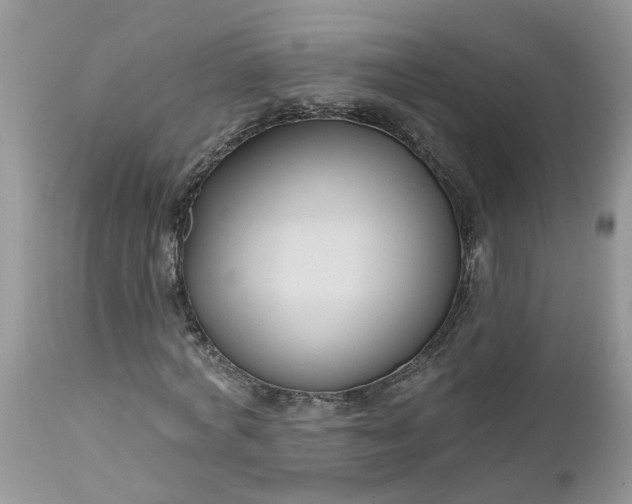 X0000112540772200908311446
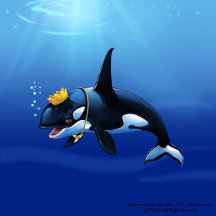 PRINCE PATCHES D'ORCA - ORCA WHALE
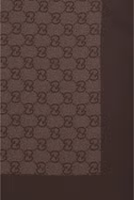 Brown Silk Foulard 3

──────

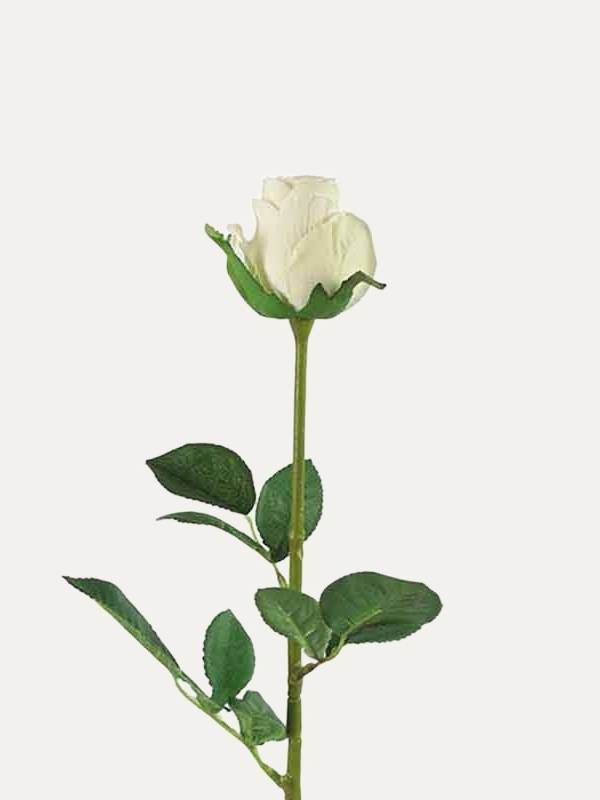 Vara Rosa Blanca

──────

Assigned task:
Extract the part of the records that opens with the line containing "X0000112540772200908311446" and closes with the line containing "Brown Silk Foulard 3". Take only those lines, exactly, and no pictures.

Answer to this task:
 X0000112540772200908311446
 PRINCE PATCHES D'ORCA - ORCA WHALE
 Brown Silk Foulard 3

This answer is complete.